Theoretical description of time-resolved photoemission in charge-density-wave materials out to long times
Marko D. Petrovic, Manuel Weber, James K. Freericks

TL;DR
This paper develops a semiclassical Monte Carlo method to model long-time nonequilibrium dynamics in charge-density-wave materials after pump excitation, capturing lattice-electron interactions and amplitude mode ringing observed experimentally.
Contribution
It introduces a computationally efficient semiclassical approach to simulate long-time charge-density-wave dynamics, including lattice relaxation and amplitude mode ringing, which was previously unexplained microscopically.
Findings
Successfully models long-time lattice relaxation in CDW materials.
Reproduces experimentally observed amplitude mode ringing.

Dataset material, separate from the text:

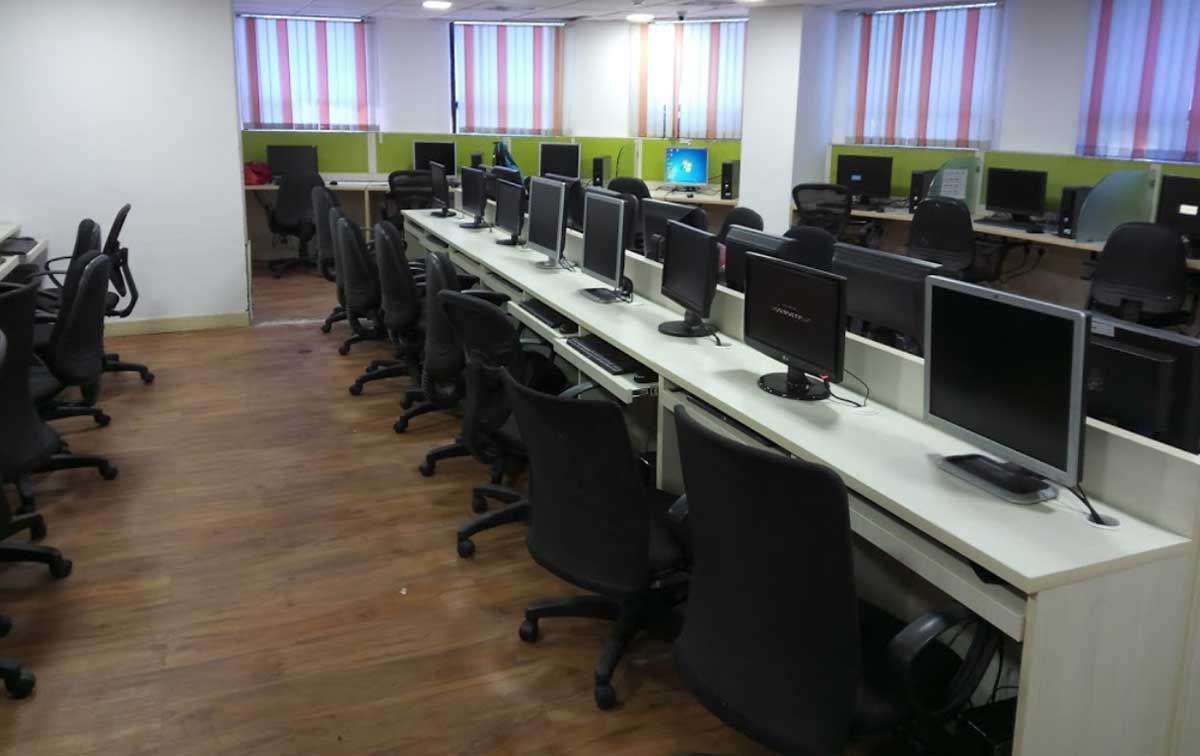 Office Space For Rent in Scheme 78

Identifies regimes of pump-induced CDW order inversion.
Abstract
We describe coupled electron-phonon systems semiclassically - Ehrenfest dynamics for the phonons and quantum mechanics for the electrons - using a classical Monte Carlo approach that determines the nonequilibrium response to a large pump field. The semiclassical approach is quite accurate, because the phonons are excited to average energies much higher than the phonon frequency, eliminating the need for a quantum description. The numerical efficiency of this method allows us to perform a self-consistent time evolution out to very long times (tens of picoseconds) enabling us to model pump-probe experiments of a charge density wave (CDW) material. Our system is a half-filled, one-dimensional (1D) Holstein chain that exhibits CDW ordering due to a Peierls transition. The chain is subjected to a time-dependent electromagnetic pump field that excites it out of equilibrium, and then a second…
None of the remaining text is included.